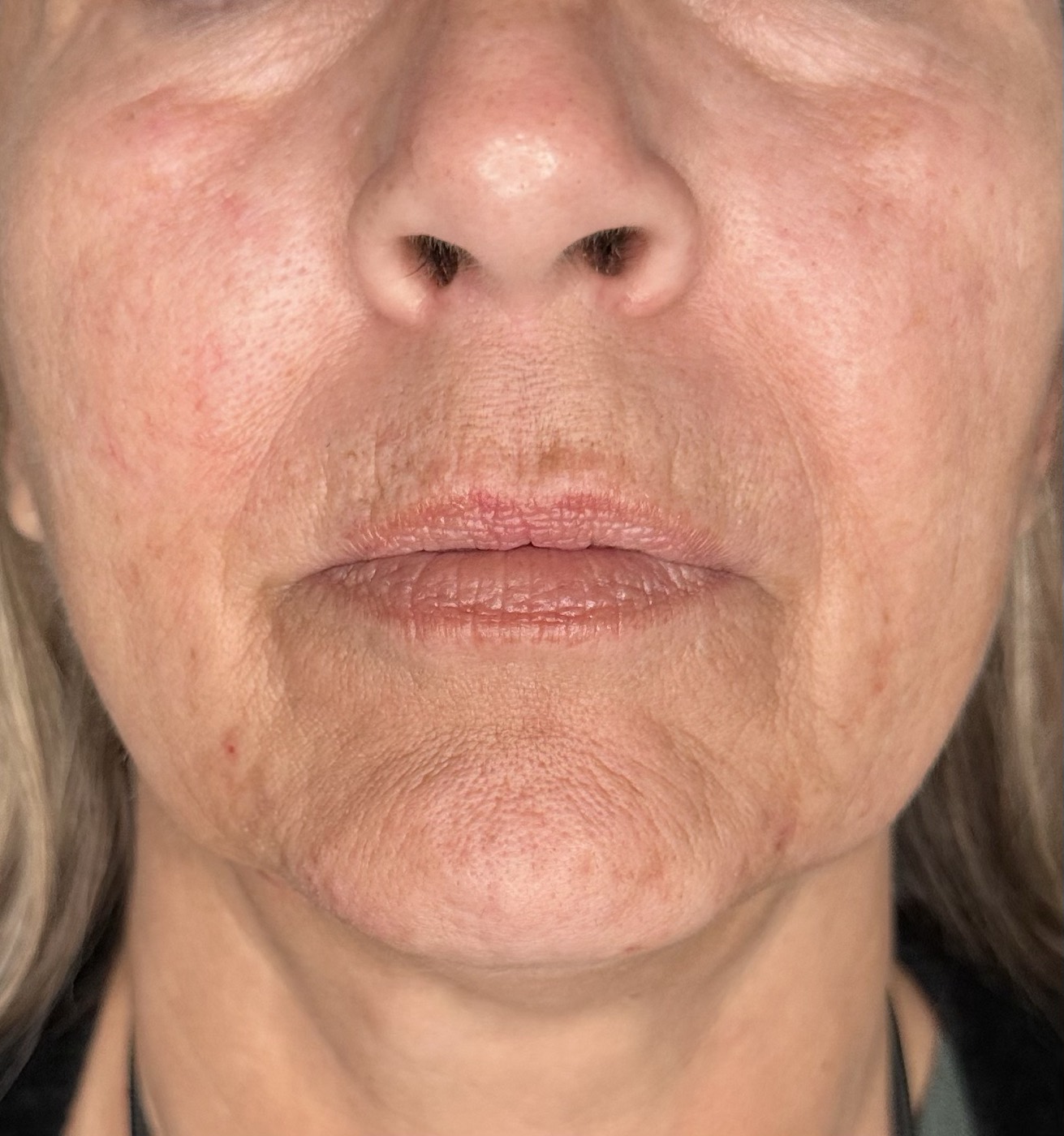 Close-up of marionette lines and downturned mouth corners on a patient of Dr. Saad at Healing Aesthetics, Hinsdale IL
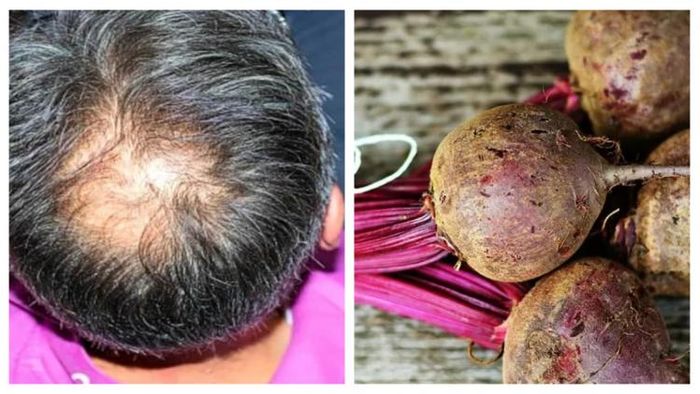 টাকের জন্য বিশেষ হেয়ার প্যাক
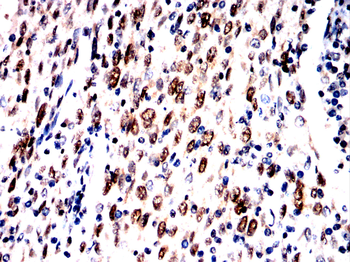 KDM6A Antibody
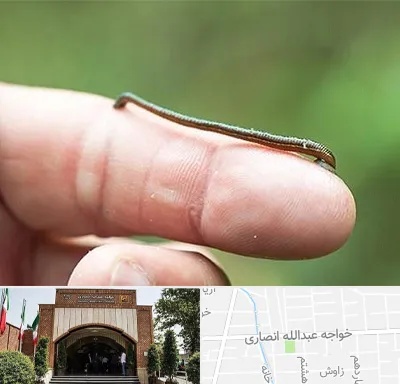 مرکز زالو درمانی در خواجه عبدالله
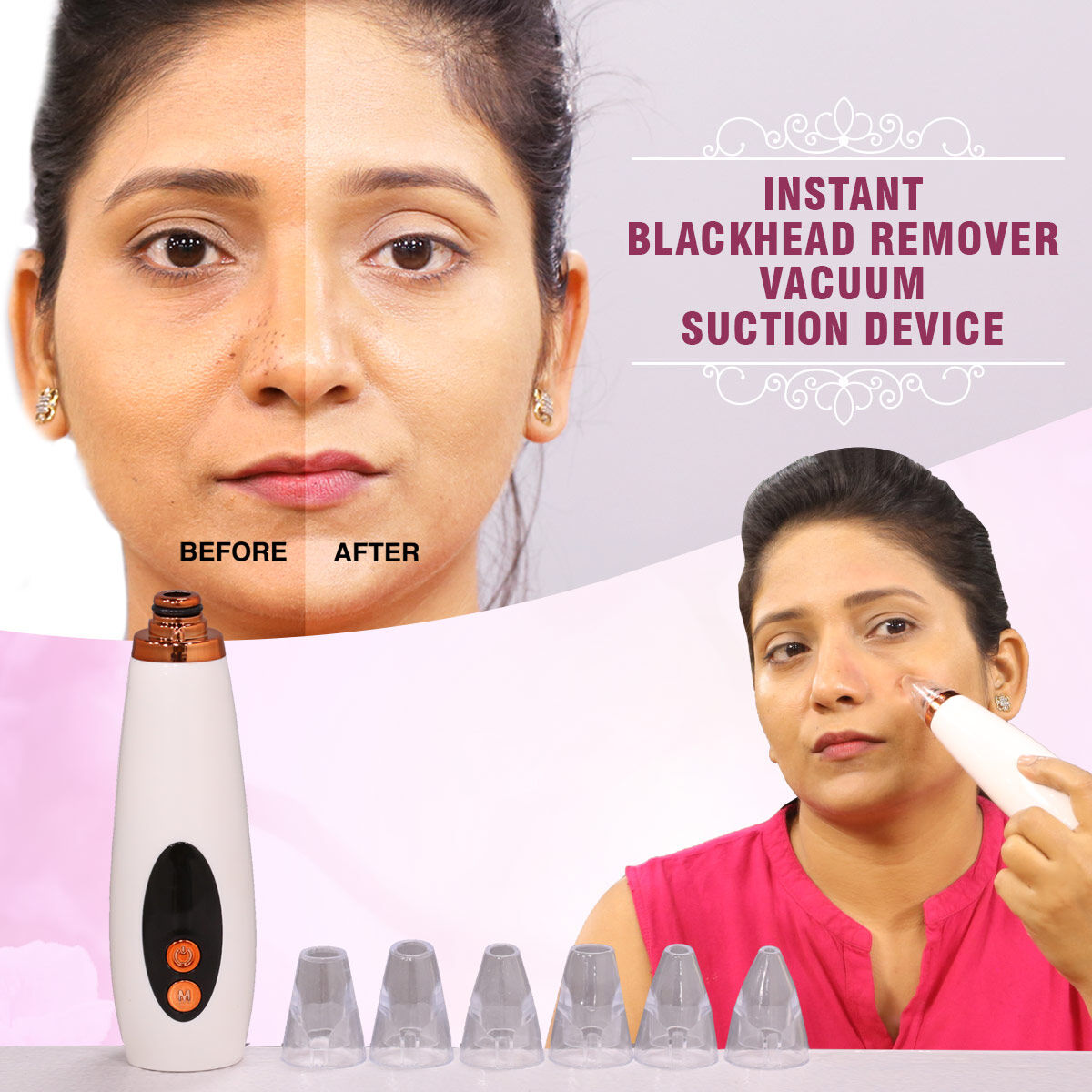 black head remover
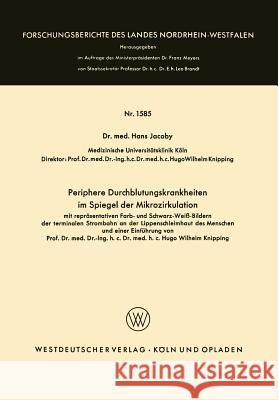 Periphere Durchblutungskrankheiten Im Spiegel Der Mikrozirkulation: Mit Repräsentativen Farb- Und Schwarzweiß-Bildern Der Terminalen Strombahn an Der Jakoby, Hans 9783663066361 Vs Verlag Fur Sozialwissenschaften - książka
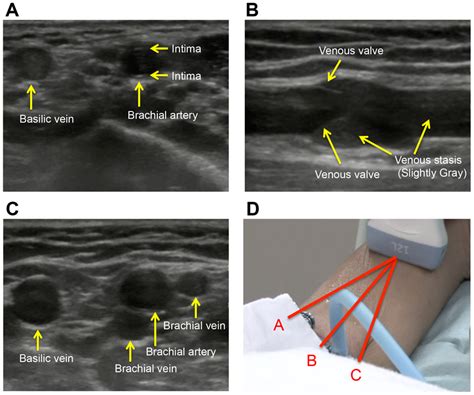 How to distinguish the artery and vein. (A) Typical appearance of... | Download Scientific Diagram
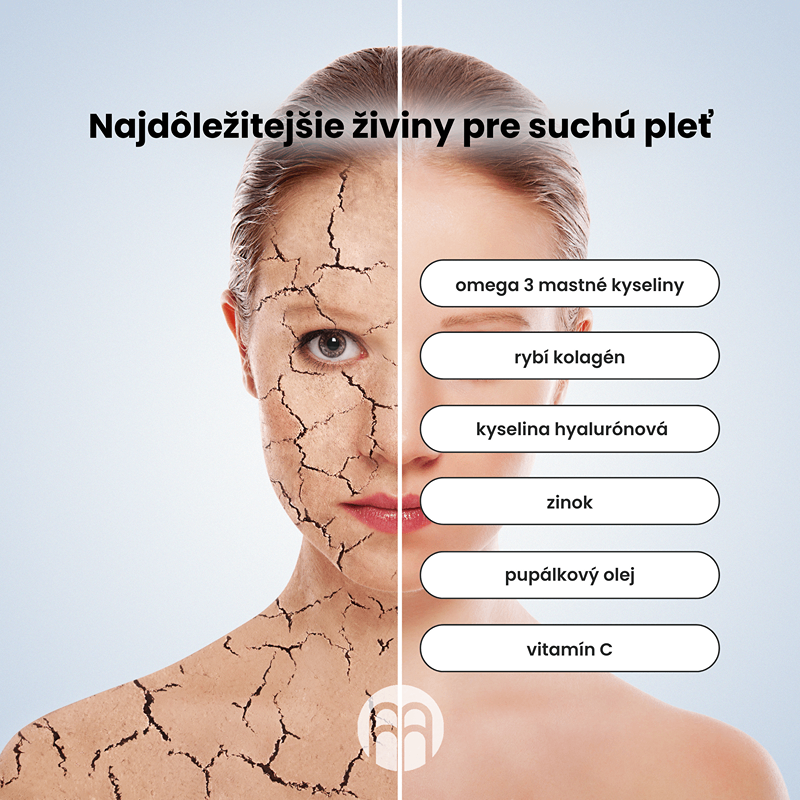 Suchá pokožka nielen v zime: príčiny a riešenie extrémne suchej pokožky.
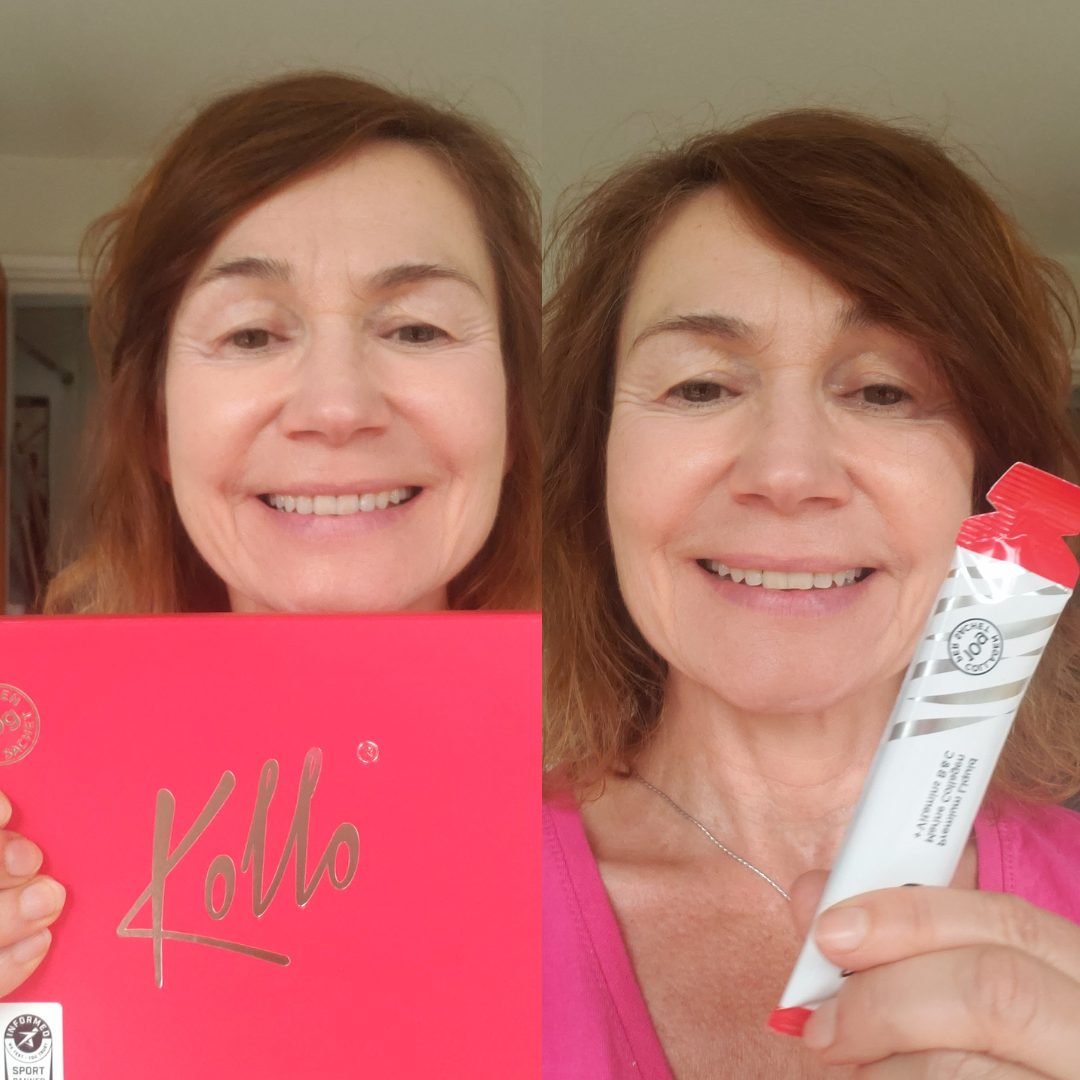 My Kollo Journey // Cathy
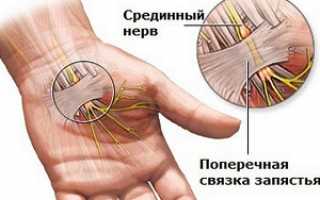 Карпальный или туннельный синдром запястья: основные причины возникновения, варианты терапии, полезная памятка пациентам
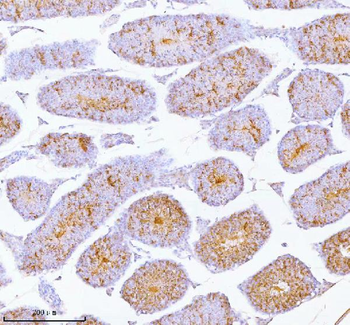 SPA17 Antibody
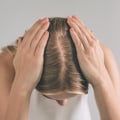Diagnosing Female Hair Loss: What You Need to Know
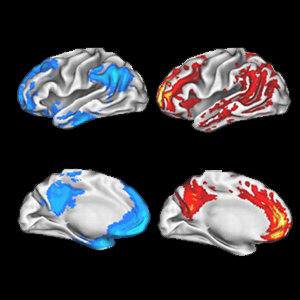 Ученые Школы медицины Вашингтонского университета в Сент-Луисе показали, что клетки областей сети пассивного режима работы мозга (синие в левом ряду), взаимодействуют друг с другом чаще, чем клетки  других областей мозга.  Это может помочь объяснить, почему именно эти области часто первыми поражаются бета-амилоидными бляшками, показанными красным на изображениях справа.
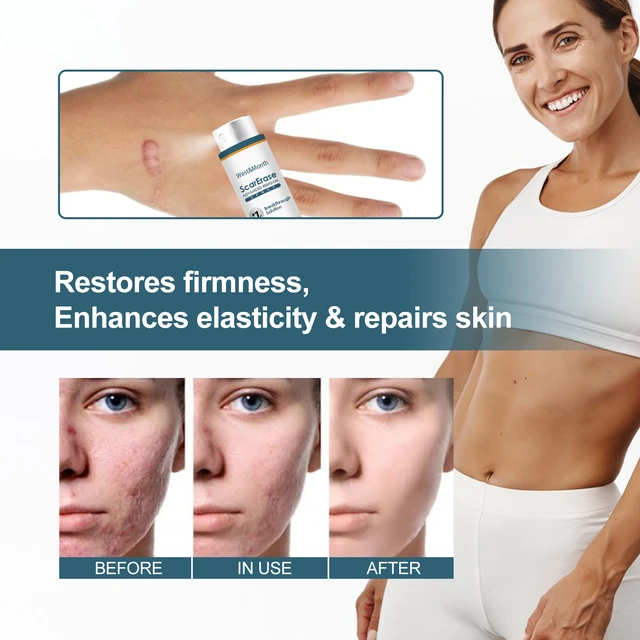 Alt view image 4 of 6 - West & Month Scar Care Gel - Moisturizing & Smoothing Skin Repair Formula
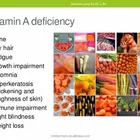 High Quality Vitamin A Palmitate Oil 1.0/1.7MIU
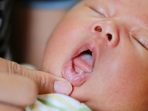 bibir anak jamuran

● ● ● ●

Taking the records above, print only and exactly the lines from the line with "My Kollo Journey // Cathy" to the line with "Diagnosing Female Hair", both kept, and exclude pictures.

### RESULT OF THE TASK
 My Kollo Journey // Cathy
 Карпальный или туннельный синдром запястья: основные причины возникновения, варианты терапии, полезная памятка пациентам
 SPA17 Antibody
Diagnosing Female Hair Loss: What You Need to Know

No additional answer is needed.